Em “A Confissão do Diabo: As Fitas Perdidas de Eichmann”, documentário que apresenta trechos da entrevista de Eichmann, registrados na Argentina em 1957, pelo jornalista holandês, ex-oficial nazista na Segunda Guerra Mundial, Willem Sassen, vê-se toda frieza de Eichmann, ao dizer que “não se importava se os judeus que ele enviou para Auschwitz vivessem ou morressem”, ou “Se tivéssemos matado 10,3 milhões de judeus, eu diria com satisfação: ‘Bom, destruímos um inimigo.’ Então teríamos cumprido nossa missão”.

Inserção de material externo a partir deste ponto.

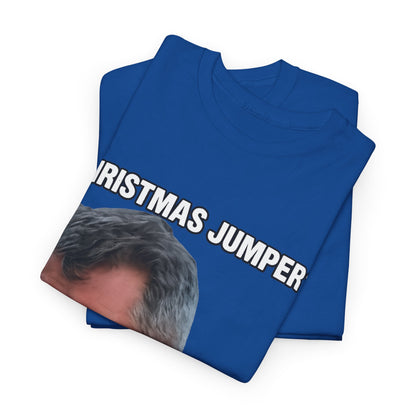 Funny Christmas Tee — "Christmas Jumper? Roy Keane Complete Load of Nonsense" Graphic Shirt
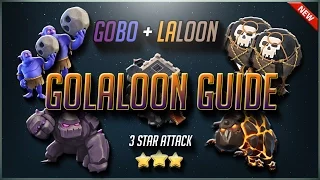 Clash of Clans | New GoBoLaLoon Strategy | Guide + Attack Replays | TH9 3 Star Attack Strategy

É estranho pensar que o próprio Eichmann chegou a visitar a região palestina, em 1937, na intenção de enviar milhares de judeus para fora da Alemanha e que hoje o primeiro-ministro israelita, Benjamin Netanyahu, judeu, em nome da defesa do Estado de Israel, faz da Faixa de Gaza um campo de extermínio de palestinos. Que ainda tem em seu governo, — “suspenso”, desde o último dia 05/11 — a figura monstruosa do ministro da Herança e Relações de Israel, Amihai Eliyahu, que declarou à Rádio Kol Berama, que lançar uma bomba nuclear na Faixa de Gaza “é uma opção”, ao ser questionado sobre a possibilidade de tal ação para “matar todo mundo” — palavras do entrevistador.

Como negar a banalidade do mal, seja por parte do Hamas ou de Israel, o qual ainda que possua seu direito de defesa, notadamente, não demonstra qualquer tipo de sentimento, em relação ao povo palestino?

Para Hannah Arendt, o mal banal não é demoníaco, não está baseado em ódio, mas na indiferença sobre o outro. Daí, sua banalização.

O mal banal extrapola o indivíduo, massifica o comportamento de indiferença na sociedade, que passa a não refletir sobre a violência em suas diversas formas, tratando-as como banalidades. Surgem, assim, partidos e seus líderes com tendências totalitárias, fundamentalismos de todos os tipos etc.

E nós? Onde estamos, neste contexto? O quanto, todos os dias, de alguma forma, banalizamos o mal e agimos com descaso diante de exemplos como a guerra entre Israel e Hamas; Rússia e Ucrânia; ações indiscriminadas dos agentes públicos de segurança em suas operações; negligências com a saúde pública, à exemplo das verificadas durante a pandemia da COVID-19 em nosso país e tantas outras formas de indiferença em relação ao outro.

Há uma frase que é atribuída à Martin Luther King: “O que me preocupa não é o grito dos maus, mas o silêncio dos bons”.

Para Darcy Ribeiro, “Só há duas opções nesta vida: se resignar ou se indignar. E eu não vou me resignar nunca”.

Nossas indiferenças, silêncios e resignações, só fazem alimentar o mal banal de cada dia.